Malissa Mulkey, MSN, CCRN, CCNS, who works in the neurological ICU, drafted early mobility protocols. Prior to their implementation on Cleveland Clinic’s main campus in February 2012, the unit participated in phase 1 of the study: It collected pre-implementation data measuring patients’ mobility on a scale of one to 16. One indicates a patient in bed with passive range of motion, while patients on level 16 can walk with assistance or independently. “We wanted to study what sort of impact mobilizing patients early has on clinical outcomes,” says Klein. (For more information on the protocol, read the “News in Neurology” article in the Spring 2012 issue of Notable Nursing newsletter.)

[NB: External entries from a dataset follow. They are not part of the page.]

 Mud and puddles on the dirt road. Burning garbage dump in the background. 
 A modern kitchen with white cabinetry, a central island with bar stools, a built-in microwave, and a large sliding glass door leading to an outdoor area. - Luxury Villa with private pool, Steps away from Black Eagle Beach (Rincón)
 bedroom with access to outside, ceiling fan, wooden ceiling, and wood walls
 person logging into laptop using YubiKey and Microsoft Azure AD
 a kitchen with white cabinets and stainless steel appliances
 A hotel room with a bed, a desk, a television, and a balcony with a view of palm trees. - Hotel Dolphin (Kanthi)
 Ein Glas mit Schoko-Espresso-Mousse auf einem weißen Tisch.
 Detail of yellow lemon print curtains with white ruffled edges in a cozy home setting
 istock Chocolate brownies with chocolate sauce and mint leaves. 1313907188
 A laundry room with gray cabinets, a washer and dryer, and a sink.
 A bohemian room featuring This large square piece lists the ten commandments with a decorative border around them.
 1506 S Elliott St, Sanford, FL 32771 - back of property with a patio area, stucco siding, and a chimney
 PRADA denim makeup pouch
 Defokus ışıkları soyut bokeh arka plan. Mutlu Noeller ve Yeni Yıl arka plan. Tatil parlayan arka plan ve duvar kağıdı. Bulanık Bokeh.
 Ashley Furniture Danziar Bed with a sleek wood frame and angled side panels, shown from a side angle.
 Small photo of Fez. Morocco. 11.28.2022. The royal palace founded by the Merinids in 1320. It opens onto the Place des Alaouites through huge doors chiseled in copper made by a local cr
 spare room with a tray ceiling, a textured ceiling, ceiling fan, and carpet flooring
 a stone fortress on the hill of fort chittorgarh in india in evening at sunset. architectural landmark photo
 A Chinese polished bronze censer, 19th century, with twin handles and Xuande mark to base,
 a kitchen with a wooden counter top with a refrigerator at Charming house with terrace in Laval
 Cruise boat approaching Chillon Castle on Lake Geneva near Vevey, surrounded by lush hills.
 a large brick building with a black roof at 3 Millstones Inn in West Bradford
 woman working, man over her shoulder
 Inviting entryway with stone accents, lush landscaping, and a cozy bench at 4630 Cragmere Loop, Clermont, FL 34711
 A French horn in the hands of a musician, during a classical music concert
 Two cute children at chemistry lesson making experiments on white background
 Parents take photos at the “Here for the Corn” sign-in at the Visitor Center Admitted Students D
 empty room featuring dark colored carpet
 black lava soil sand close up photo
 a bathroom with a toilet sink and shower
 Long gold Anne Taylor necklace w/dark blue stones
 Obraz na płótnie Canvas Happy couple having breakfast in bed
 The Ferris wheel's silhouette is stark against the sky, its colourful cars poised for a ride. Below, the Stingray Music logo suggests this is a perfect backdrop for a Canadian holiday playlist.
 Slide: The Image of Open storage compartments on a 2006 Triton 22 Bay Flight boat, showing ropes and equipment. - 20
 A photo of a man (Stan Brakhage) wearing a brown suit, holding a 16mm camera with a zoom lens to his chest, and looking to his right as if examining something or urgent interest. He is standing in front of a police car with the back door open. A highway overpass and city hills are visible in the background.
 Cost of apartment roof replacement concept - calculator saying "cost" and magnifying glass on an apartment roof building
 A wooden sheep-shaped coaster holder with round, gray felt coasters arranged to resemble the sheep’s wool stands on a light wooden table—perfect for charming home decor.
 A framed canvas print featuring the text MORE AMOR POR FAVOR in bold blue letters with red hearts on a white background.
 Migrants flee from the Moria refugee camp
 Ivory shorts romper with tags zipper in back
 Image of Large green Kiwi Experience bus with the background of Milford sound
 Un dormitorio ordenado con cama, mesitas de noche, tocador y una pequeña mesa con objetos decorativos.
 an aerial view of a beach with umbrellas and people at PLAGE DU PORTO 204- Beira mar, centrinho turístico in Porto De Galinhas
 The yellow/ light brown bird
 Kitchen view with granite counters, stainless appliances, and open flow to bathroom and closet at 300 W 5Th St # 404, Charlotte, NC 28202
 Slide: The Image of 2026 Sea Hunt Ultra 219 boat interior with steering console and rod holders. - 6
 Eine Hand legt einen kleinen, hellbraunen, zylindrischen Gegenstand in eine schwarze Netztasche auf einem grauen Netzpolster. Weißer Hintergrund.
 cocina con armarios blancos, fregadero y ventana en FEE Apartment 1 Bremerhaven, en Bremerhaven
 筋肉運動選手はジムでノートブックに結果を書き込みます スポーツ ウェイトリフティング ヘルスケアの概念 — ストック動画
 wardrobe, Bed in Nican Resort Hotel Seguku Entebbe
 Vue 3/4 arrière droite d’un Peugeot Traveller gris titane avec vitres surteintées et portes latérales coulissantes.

Phase 2 ran from May to September 2012. During that time, the neurological unit purchased a mobile lift for patients. Nurses received abundant education on the protocol and using the mobile lift and the unit’s beds, which feature progressive mobility features. Nurses then relied on the protocol to lead them as they advanced patients through increasing degrees of mobility. Research nurses gathered information on clinical outcomes and surveyed patients prior to discharge on their level of depression, anxiety and hostility. At the conclusion of phase 2, Klein compared the differences between pre- and post-implementation data.
The results have not been published yet, but Klein says the findings are positive. “Instituting an early progressive mobility protocol resulted in significant improvement in level of mobility achieved, ICU and hospital length of stay,” she says. “There were favorable trends toward improvement with other clinical outcomes, such as depression and anxiety, yet more research is needed.”
Phase 3 of the study, which just began, will measure the sustainability of the protocol. “Once the education is done and the newness wears off, how will that impact early mobility?” says Klein. “We’re hoping that nurses who participated in phase 2 will mentor new nurses and carry on the protocol.”